University of Oregon runner Justin Gallego made history by becoming the first professional athlete with cerebral palsy to sign with Nike, serving as an inspiration to people around the world.
Amaze. Inspire. Surprise. You’ll be hearing those words a lot in the coming weeks—together, they cut to the heart of why we love sports in the first place. So in the days leading up to the naming of SI’s Sportsperson we’ll be looking back and shining a light on the athletes, moments and teams (and one horse) who did one—or all—of those things in 2018. There can be only one Sportsperson. But it has been a year full of deserving candidates.
About 150 meters into his very first cross-country race for the University of Oregon’s running club, Justin Gallegos fell. It wasn’t anything new to him. Since 2012, Gallegos has been running cross-country but he also has cerebral palsy, which limits some of his body movement and muscle control.
Because of his condition, Gallegos’ feet sometimes drag and he ends up on the ground. During that first cross country race for Oregon, his shoes came off. John Truax, a close friend of Gallegos and Nike’s footwear marketing manager, hopped onto the course to help Gallegos up and help put his shoes back on.

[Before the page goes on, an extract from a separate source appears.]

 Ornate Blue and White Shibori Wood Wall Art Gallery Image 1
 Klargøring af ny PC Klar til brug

Falling does not mean quitting for the Oregon junior. Gallegos runs in a variety of track races—meet directors are informed ahead of time that he may get lapped but people have been accommodating. While he finishes last on many occasions, his story serves as an example of good things happening to people who work hard and don’t give up.

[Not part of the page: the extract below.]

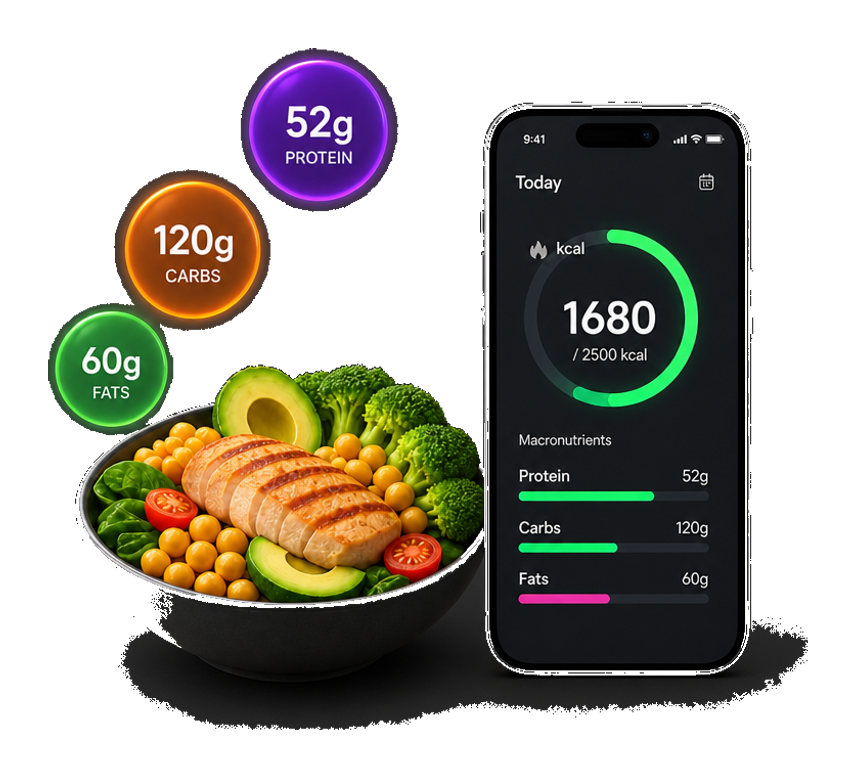 Diet and nutrition app with macro tracking icon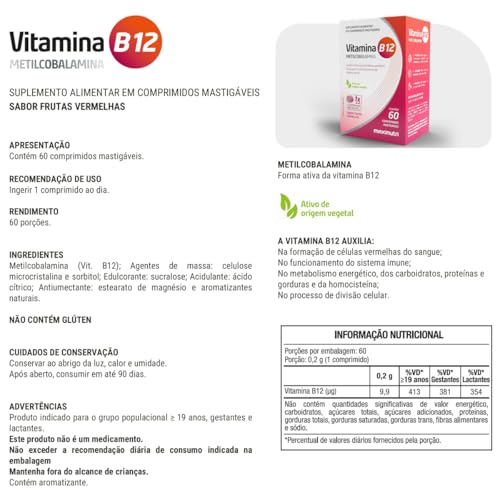 Vitamina B12 Comprimidos Mastigáveis (60 comp), Único, MaxiNutri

On Cerebral Palsy Awareness Day, Gallegos made history as the first athlete with cerebral palsy to sign a professional athlete contract with Nike. Truax surprised Gallegos with the contract after he ran at a club cross-country meet.

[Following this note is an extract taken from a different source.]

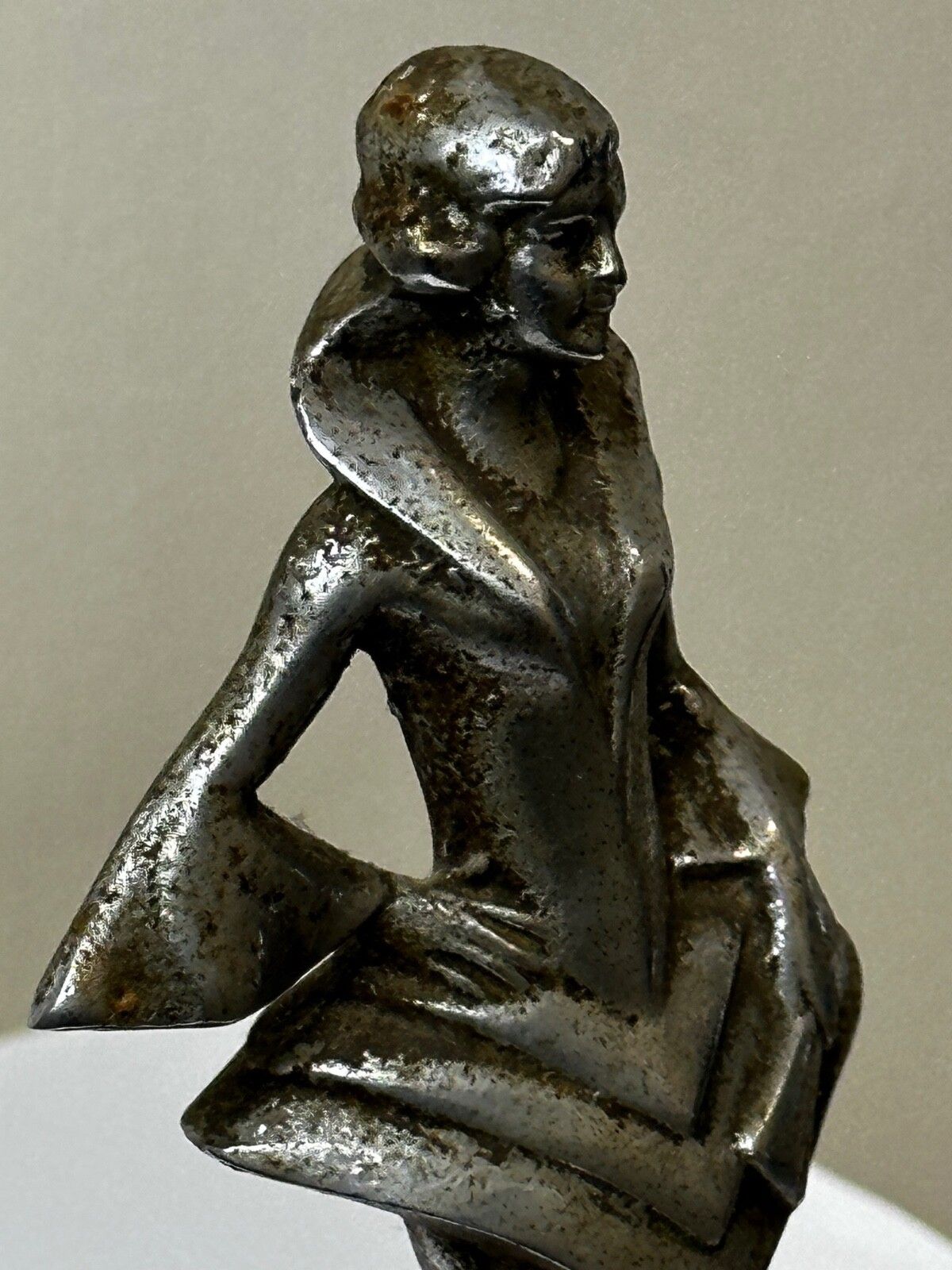 photo buy Art Deco Brits Verchroomd Bronzen Danseres Automascotte Figurine Sculptuur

Gallegos was brought to his knees in tears and a video of the day, which was produced by Elevation 0m, has garnered more than 5.5 million views on Twitter and 42 million views on Facebook since it was shared by Sports Illustrated’s social media pages.
Last spring at the Prefontaine Classic, there was a commercial on the scoreboard at Hayward Field where Gallegos spoke about his own running career and his personal story was juxtaposed with Eliud Kipchoge, the current world record holder. In May 2017, Kipchoge participated in Nike’s experiment to try and break the two-hour barrier in the marathon. He fell 26 seconds shy of the goal but said afterwards that he hoped his run proved that, “No human is limited.”
A year later, Gallegos took after Kipchoge and completed his first half marathon in two hours and three minutes. While Kipchoge was decked out in special apparel to optimize his run, Nike and Gallegos worked together to develop a specialty running shoe for people with disabilities. Gallegos finished just three minutes off the sub-two goal but told reporters afterward, “We are only limited by our minds and not our bodies.”
Reading through the comments section of any of Gallegos’ Instagram posts since the video was shared on social media, you’ll quickly learn that it’s not about the shoes or how fast he runs. For many parents or those with loved ones who have cerebral palsy, the most admirable part of Gallegos' story is his determination and ability to push forward, even when life is challenging.